──────── Data section ────────

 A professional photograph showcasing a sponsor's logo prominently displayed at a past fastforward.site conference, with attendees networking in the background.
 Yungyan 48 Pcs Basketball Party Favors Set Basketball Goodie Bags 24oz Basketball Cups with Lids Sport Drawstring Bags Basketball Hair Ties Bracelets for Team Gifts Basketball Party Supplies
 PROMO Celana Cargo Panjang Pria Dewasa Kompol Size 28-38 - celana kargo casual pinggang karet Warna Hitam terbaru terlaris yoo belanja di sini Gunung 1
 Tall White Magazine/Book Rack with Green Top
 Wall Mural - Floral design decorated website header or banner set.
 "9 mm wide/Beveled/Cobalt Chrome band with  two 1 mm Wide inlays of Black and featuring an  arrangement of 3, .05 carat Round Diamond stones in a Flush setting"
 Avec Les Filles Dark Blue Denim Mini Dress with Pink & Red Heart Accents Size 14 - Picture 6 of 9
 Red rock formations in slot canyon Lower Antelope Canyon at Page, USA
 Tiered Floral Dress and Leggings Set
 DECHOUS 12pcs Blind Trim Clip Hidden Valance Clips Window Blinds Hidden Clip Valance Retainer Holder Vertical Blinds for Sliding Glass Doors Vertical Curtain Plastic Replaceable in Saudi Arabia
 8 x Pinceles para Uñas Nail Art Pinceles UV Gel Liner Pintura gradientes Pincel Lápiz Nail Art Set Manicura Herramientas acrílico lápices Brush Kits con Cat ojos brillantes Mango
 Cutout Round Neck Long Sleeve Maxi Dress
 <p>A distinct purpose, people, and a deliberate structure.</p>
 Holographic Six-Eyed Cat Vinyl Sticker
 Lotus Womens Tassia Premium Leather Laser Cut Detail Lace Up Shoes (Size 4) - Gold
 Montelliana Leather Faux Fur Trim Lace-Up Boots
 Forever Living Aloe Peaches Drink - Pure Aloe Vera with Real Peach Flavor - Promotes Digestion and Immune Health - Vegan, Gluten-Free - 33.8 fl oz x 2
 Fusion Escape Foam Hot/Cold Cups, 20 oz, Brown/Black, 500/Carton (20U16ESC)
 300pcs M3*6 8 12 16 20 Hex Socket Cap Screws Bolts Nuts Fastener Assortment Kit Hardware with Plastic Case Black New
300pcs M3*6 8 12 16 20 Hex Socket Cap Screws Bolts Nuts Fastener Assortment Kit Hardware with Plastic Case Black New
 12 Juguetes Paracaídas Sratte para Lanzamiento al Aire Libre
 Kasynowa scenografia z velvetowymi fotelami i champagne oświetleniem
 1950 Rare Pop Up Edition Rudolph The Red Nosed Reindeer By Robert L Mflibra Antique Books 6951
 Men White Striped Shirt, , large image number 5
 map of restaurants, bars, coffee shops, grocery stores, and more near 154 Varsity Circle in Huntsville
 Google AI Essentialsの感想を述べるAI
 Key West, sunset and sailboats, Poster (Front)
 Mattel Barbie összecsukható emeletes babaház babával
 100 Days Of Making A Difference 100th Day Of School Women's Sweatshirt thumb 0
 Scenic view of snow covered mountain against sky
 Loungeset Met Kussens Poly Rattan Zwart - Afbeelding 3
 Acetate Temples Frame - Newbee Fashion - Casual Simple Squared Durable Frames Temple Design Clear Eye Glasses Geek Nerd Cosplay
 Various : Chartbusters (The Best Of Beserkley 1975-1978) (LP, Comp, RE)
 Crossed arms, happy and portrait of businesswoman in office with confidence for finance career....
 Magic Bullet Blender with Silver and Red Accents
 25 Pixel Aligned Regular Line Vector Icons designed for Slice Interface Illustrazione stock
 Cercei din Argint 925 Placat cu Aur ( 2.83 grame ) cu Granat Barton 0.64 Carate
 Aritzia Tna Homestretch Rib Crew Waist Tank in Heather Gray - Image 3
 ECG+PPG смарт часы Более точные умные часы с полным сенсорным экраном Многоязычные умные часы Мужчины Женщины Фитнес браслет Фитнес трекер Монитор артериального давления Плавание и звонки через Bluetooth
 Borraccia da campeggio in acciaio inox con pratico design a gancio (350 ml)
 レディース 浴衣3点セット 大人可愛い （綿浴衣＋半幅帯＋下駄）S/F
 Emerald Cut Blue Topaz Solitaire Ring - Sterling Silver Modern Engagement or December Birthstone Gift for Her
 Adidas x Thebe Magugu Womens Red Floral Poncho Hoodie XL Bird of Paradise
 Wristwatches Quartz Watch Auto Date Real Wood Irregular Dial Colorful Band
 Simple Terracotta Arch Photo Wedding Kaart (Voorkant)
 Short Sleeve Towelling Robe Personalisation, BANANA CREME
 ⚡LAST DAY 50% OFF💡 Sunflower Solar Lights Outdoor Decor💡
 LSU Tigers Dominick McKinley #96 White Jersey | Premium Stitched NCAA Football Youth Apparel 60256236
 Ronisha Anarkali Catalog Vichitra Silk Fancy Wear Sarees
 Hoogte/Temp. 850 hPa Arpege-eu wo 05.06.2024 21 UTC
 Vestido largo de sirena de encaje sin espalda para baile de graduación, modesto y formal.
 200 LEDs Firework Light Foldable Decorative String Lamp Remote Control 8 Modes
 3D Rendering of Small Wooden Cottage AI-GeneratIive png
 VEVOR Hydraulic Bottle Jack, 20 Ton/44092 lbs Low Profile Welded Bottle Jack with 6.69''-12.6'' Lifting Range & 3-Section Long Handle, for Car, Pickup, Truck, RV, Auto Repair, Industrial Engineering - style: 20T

────────

#### About this task:
Check each line of the data above, and please copy the ones in which the string "Premium" occurs.

#### Output of the exercise:
 Lotus Womens Tassia Premium Leather Laser Cut Detail Lace Up Shoes (Size 4) - Gold
 LSU Tigers Dominick McKinley #96 White Jersey | Premium Stitched NCAA Football Youth Apparel 60256236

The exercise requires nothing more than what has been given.